HomeIt may not seem like much, but that strip of forest behind my childhood home made me a biologist, a lover of nature, a seeker of the unexpected. I thought about it as the airplane made a wide loop into the Lansing airport that I knew would take me right over home.

How small the strip of forest seems today. How ravaged are the fields and forests that once seemed so primeval. I suppose I was the kind of animal that did not need wild corridors. I freely crossed roads, fields and even back yards of homes in search of wildness. I knew the gravel pits were man made.

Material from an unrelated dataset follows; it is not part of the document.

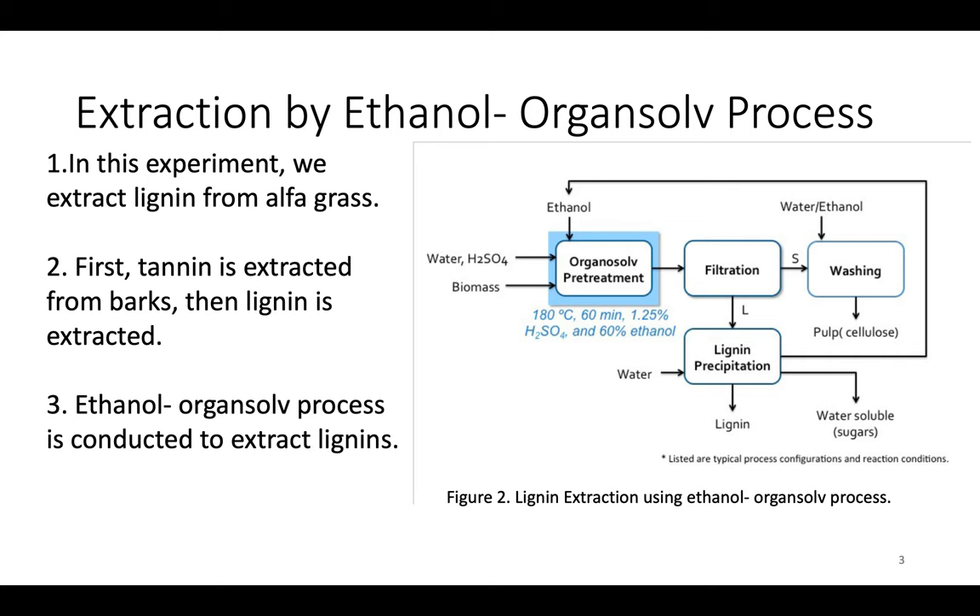After collecting the lignin, ethanol can be recovered and reused in the same extraction process, which is very economical. We can also wash the product with water or ethanol after the filtration step to collect cellulose. After collecting the lignin, we use several characterization methods such as size exclusion chromatography, CNMR, and PNMR.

But that did not detract from the tadpoles, beetle larvae, snapping turtles, and blue gills in them. I longed to eat off the land in those long summer days, but more often simply pilfered fruit trees, or community gardens where a middle school now stands.

That church had not gouged out our woods when I was young. The aspen were still standing. Our previous home seemed miles away, though it is now on my daily walk circuit and doesn’t even get me to the ten thousand paces that make my Fitbit buzz.

I don’t think I realized until college that the landscape I loved was not Michigan’s eternal one. We are looking at the result of catastrophic logging. Once I knew that, I believed for a short time in succession. But now half a century has passed, and Michigan’s woods only look more damaged. It isn’t only last fall’s ice storm that broke so many trees and limbs, the pale stubs still showing. It is the ragged nature of this prespring forest. These trees are not majestic. There is no sign anywhere of a return to the climax forests Michigan should have, though I haven’t read the literature on this topic.

But the spring peepers are calling. Soon the mosquitoes will be out, and soft green will hide our scarred and feeble forests.